Harvard Business Review journalist Tammy Erickson authored an article a few years back called What it Means to Work Here (PDF for purchase), which she discussed in this HBR podcast: What it Means to Work Here

She contends that businesses need to develop a signature experience, but not just to wow the customer, rather something that makes the company stand out in the minds of both current and prospective employees. A signature experience benefit turns out to be employee loyalty. Erickson says that;

“The companies that had employees who really loved working at that particular place, tended to be a little bit odd… They tended to do things that were unusual. That were unique to them.”

As you look to find the best possible employees, you try to strike a balance between employee capability and salary. You want to get the best employee possible, but at the same time, you don’t want to have to pay more than you should. Potential employees are also playing a balancing game. They want the best possible paycheck they can find, but they also don’t want to work at a place they don’t like. If they do end up in a place where they don’t like working, they will always be looking for their next job, while at the same time delivering less than average customer service.

Signature experiences help potential employees select the company that is right for them. It helps them choose a workplace that excites them. A Signature experience is those things that make you special as an employer, that really make working for you a unique experience for employees. So what’s your signature? What do you have to offer that would excite and attract the best possible employees for your business?

Developing the Signature Experience:

You can develop your signature experience if you start thinking like a signature business:

  1. Start by examining what you do well. It can be difficult to pinpoint your signature move if haven’t thought about it before. So identify what you do that’s superior, then magnify that strength.
  2. Plan what you will say to people who join your team.
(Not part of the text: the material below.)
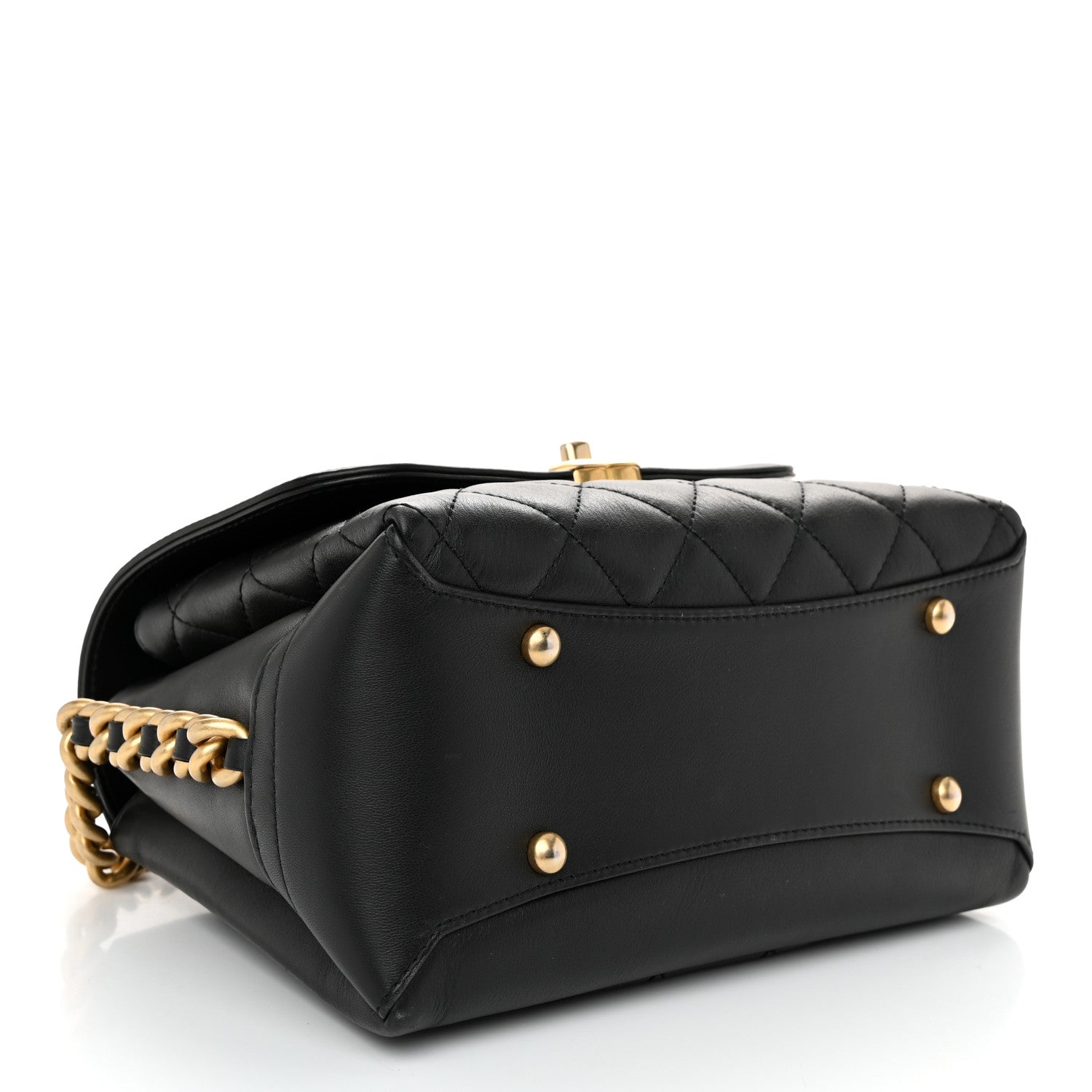 Chanel Calfskin Quilted Side Chain Compartment Flap Black 4 of 10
What is your argument as to why they should join your company. This is the value proposition you’re offering to employees and it should be based on your signature move.
  3. Get everyone on the team saying the same thing. Everyone already on board should agree on the value proposition.
  4. Make your signature move more vivid through processes. Plan and design processes that show your value proposition is what you’re all about as a company.
  5. Align Human Resources with your signature experience. If you have an HR department, script what they say so that it matches your signature move. Be honest and don’t bait and switch new employees.

Businesses with superior experiences, experience several benefits, including low employee turnover. They also develop an emotional excitement in their workforce. Employees become highly engaged and more productive.

Erickson focuses on the employee experience in the article, but I would suggest that it’s difficult to have a signature employee experience, without a signature customer experience. The same thing that inspires employee loyalty also inspires customer loyalty.

Do you have signature move? Curious to hear if you do.